Salah satu rangkaian penting dalam pelaksanaan ibadah haji adalah melempar jamrah. Ritual ini melibatkan melempar batu kerikil ke arah jamrah Sughra, Wustha, dan Kubra dengan niat mengenai objek jamrah (marma) dan memastikan kerikil tersebut masuk ke dalam lubang marma. Hukum melempar jamrah adalah wajib; jika ditinggalkan, jamaah berkewajiban membayar dam atau fidyah.
Ritual ini terdiri dari dua lontaran: melontar jamrah aqabah pada tanggal 10 Dzulhijjah dan lontaran jamrah di hari tasyrik pada tanggal 11, 12, serta 13 Dzulhijjah. Masing-masing lontaran menggunakan batu kerikil sebanyak tujuh kali.

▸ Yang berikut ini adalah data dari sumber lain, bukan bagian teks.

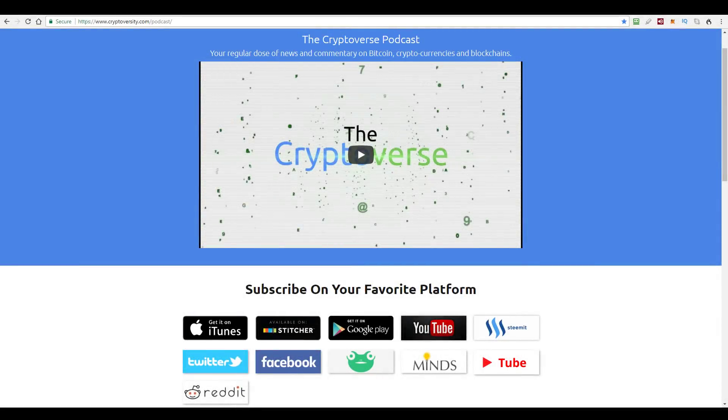Hi there guys, welcome to the latest episode of the Cryptoverse, your regular dose of news and commentary on Bitcoin, cryptocurrencies and blockchains. I'm your host, Chris Coney.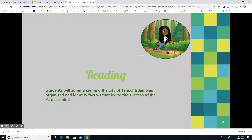Today we're going to begin our reading. Our focus is: students will summarize how the city of Tenochitlan was organized and identify factors that led to the success of the Aztec capital. Boys and girls, I might not keep saying Tenochitlan because it's kind of a tongue twister, so if I say the city of T, that's what I mean. It was the capital and the successful capital of the Aztec civilization, and that's what we're going to be reading about today.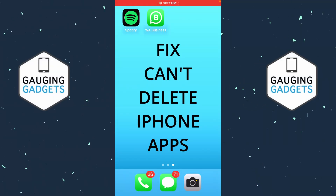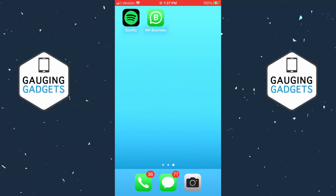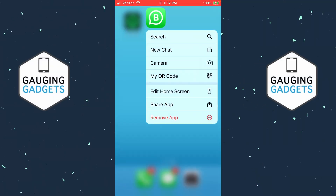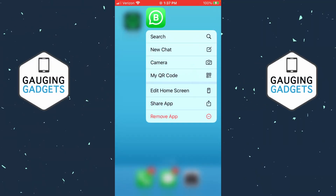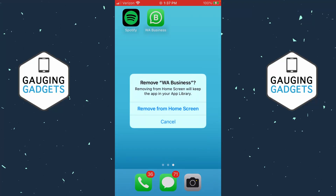How to fix can't delete apps on iPhone. In this video I'm going to show you how to fix an issue where if you go to delete an app on your iPhone you don't have the option to delete the app — you only have the option to remove it from your home screen.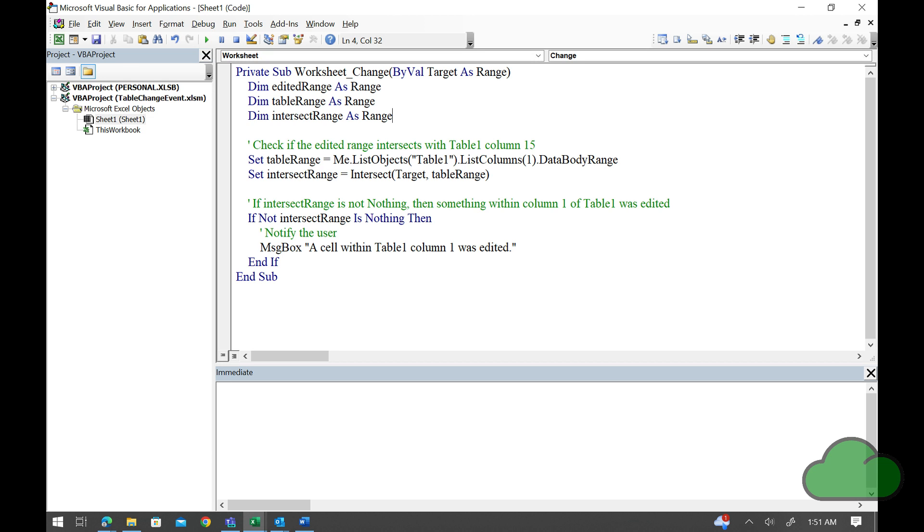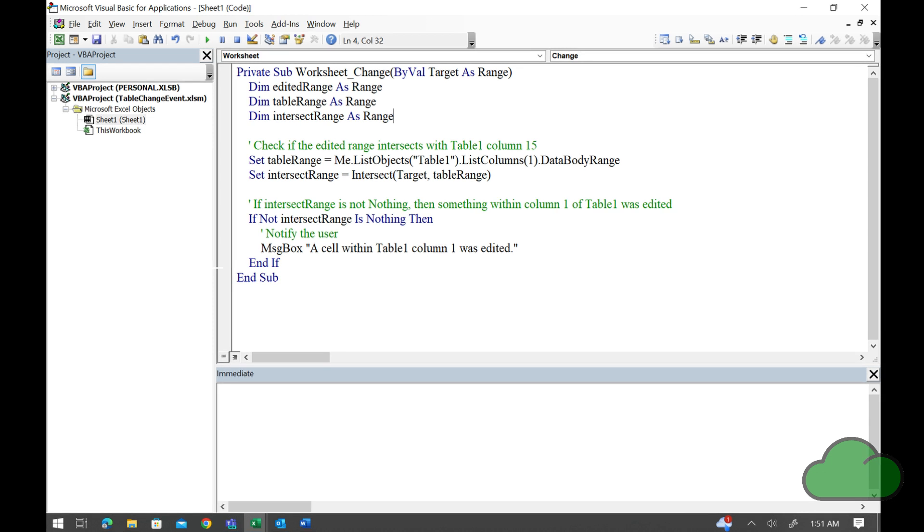Then we obtain the data body range of that column. This, of course, does not include the headers. Then, using the intersect function, we find out if the editing cell is contained within or does intersect with that previously found data body range.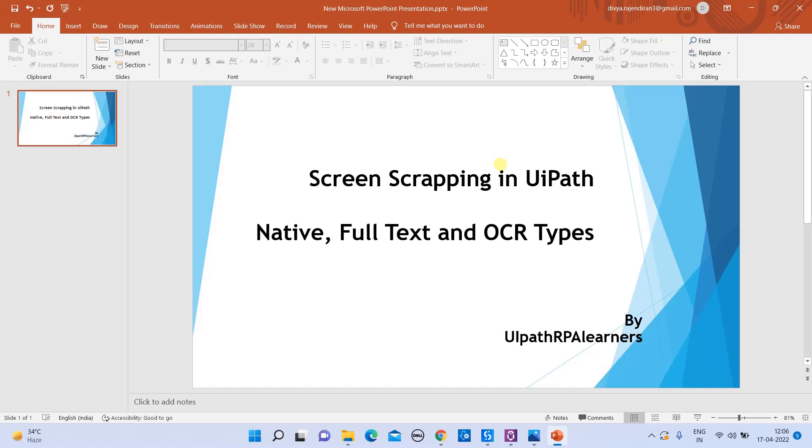Guys, welcome back to our channel UiPath RPA Learners. Hope all are doing great. So as part of today's video, we are going to see about what is screen scraping in UiPath.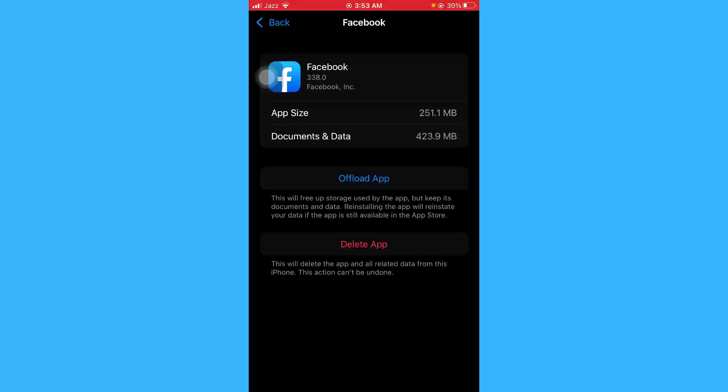Currently it doesn't allow you to just directly delete the cache. So if you want to delete the cache of Facebook application on your iPhone, you will just have to delete and reinstall your Facebook app.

Melempar jamrah bukan sekadar ritual, tetapi juga simbol perlawanan terhadap unsur-unsur kejahatan dan sifat-sifat syaithaniyah yang bersemayam dalam diri manusia. Aktivitas ini mengingatkan jamaah haji bahwa setan senantiasa berusaha menghalangi manusia untuk berbuat kebaikan. Oleh karena itu, melempar jamrah menjadi simbol perjuangan melawan segala godaan setan. Lontaran sebanyak tujuh kali mengisyaratkan bahwa perlawanan terhadap syaitan dan unsur-unsur kejahatan harus dilakukan dengan ulet dan sekuat tenaga.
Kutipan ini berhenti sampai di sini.